An alternative agenda for the opposition?

By Imtiaz Alam
October 25, 2018

Various disparate sections of the wider opposition are weighing their options to launch an offensive against what they dub as a “selected prime minister”. Even though the PPP and the PML-N lack mutual trust, they may still agree on an agenda that can reset the direction of the democratic process on the lines once agreed in the Charter of Democracy (CoD).

It is quite normal in a democracy that various segments of the opposition join hands to pursue their common goals in order to keep the treasury benches in check and expose the weaknesses of the government in power. What would, however, appear abnormal is if the broader opposition were to for an early kill – before the government is yet to settle in the saddles. Even if all the opposition parties agree to bring a vote of no-confidence against the Imran Khan government now, it is not going to succeed, given an otherwise razor-thin majority of a fragile coalition. Despite its confusion, the PTI-led coalition is on the same page with non-elected institutions, which traditionally hold the balance in a hybrid power-equation.

What makes the sudden initiative by former president Asif Ali Zardari to form a grand opposition alliance quite intriguing is that he was quite adamant until recently to shake hands with the Sharifs. His joining hands with Maulana Fazlur Rehman, however, didn’t surprise anybody, despite the fact that this was the same old buddy Maulana that Zardari refused to support as a presidential candidate since he was nominated by the PML-N and its allies. Although Maulana Fazlur Rehman, who has been quite vocal against interventions into the political sphere, is quite sanguine about the emergence of a unified opposition front, the PML-N is yet to come out resolutely in favour of it, and seems to be still contemplating whether or not to come out of its current hibernation. Perhaps, both the leading parties are weighing their options about how to cope with the accountability noose being tightened around their top leadership. This provides a good excuse to a battery of government spokespersons to lambast the opposition’s move as a measure to protect leaders from the accountability process – however selective and capricious it might be.

Attempts to dislodge a government so early in its honeymoon period will not be seen as a legitimate move by public opinion at large. Quite a large segment of the electorate still has high hopes in the leadership of Prime Minister Imran Khan and a no-trust move against him would be seen by them as a conspiracy by those facing criminal charges before the courts or those who are under investigation. Even if the combined opposition moves a no-confidence vote, it not only lacks the required numbers at the moment but also has no viable alternative to replace the incumbents.

What is also true is that the Khan government has lost some of its glitter. The real test is how it takes the country out of its current financial and economic predicaments and how early it turns its loud promises into concrete and visible actions on the ground. Simply announcing task forces won’t save the government from public retribution.
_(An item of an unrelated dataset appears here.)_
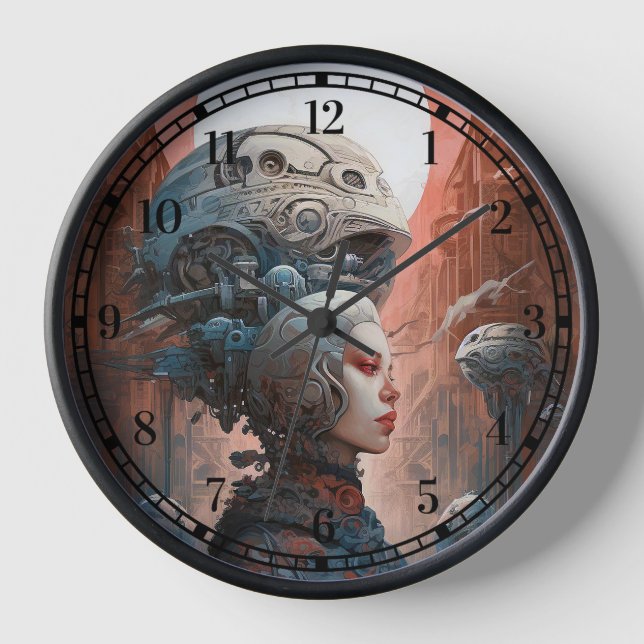 Reloj Artes de ciencia ficción geomecánicas Surreal Head (Anverso)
Not being able to start actualising its promises, the PTI is trying to compensate its lack of delivery with heightened animosity towards its critics whom it terms as “thieves and plunderers”. This in fact ends up pushing a defeated opposition into a fighting-back mould.

There are investigations into high-profile cases of corruption by those in power during the last two governments. All the four elected prime ministers during the last decade of a lame-duck democratic transition are in the dock and a former president is expected to be entangled in a huge money-laundering case. Not only that, NAB is also expanding its net to nab corrupt politicians and their bureaucratic surrogates, and the honourable chief justice of Pakistan is leaving no stone unturned to hold the big fish accountable for their money-laundering.

Pakistan has never before seen such an accountability drive in which the government, NAB, the superior judiciary and investigative and intelligence arms of the state are complementing each other’s efforts. Followed by the ongoing accountability of the Sharifs and their cohorts, it is again the PPP’s turn in Sindh; the party is being investigated for omissions and commissions of the last decade. This brings both the PML-N and the PPP in the same boat. Despite the flaws of such selective accountability, there is still enthusiasm among some for such inquisitional pursuits.

It will be good for the opposition parties to come clean about the charges of corruption against their prominent leaders, even if they consider them an instrument of a witch-hunt to subdue the political civil society. They could ask their respective leaders to first clear their names of corruption charges, even if they feel they are trumped up. Instead of going for a regime change, the opposition should give time to the PTI government to deliver on its promises and let it lose its stream.

The best course for the opposition is a mid- and long-term strategy on a qualitatively different agenda. The opposition must not be carried by the mundane politics of regime change. It will have to change a neo-colonial order which is inherently inimical to the sovereignty of the people as represented by their elected representatives through free and fair elections.

This should bring all the opposition parties – and later maybe the PTI at some stage – to what was conceived by the Charter of Democracy signed between Benazir Bhutto and Nawaz Sharif. A new social-contract is warranted as the mutilated constitution has failed to stop autocratic subversions and their validation under the infamous Doctrine of Necessity. What all the mainstream democratic parties must realise is that they have not been sincere to their electorates and have been used as tools that are pitted against each other. This heinous tradition of suffocating each other must come to an end.

All civilian and democratic forces must agree on a new Charter of Democracy that ensures the rights of the people and their empowerment above all partisan interests. They must commit to a new social contract that may form the bases for a truly participatory and pluralist democracy, genuine federalism under the 18th Amendment, devolution of power to the grassroots, supremacy of parliament, separation of powers, strictly confining all institutions of the state to their domains, bringing an end to all forms of discrimination on the basis of gender, faith and ethnicity and enforcement of all human and civil rights, including freedom of expression and a free press.

It is time all parties agreed on constitutional reforms to dispense with a dual system of de jure and de facto power structures, and strengthen monolithic constitutional rule. Without making the toiling millions the backbone of democracy, the dream of an inclusive and a pluralist republic as conceived by Jinnah will remain a far-fetched dream. The democratisation of Pakistan cannot move forward without the promotion of a democratic culture and a tolerant society.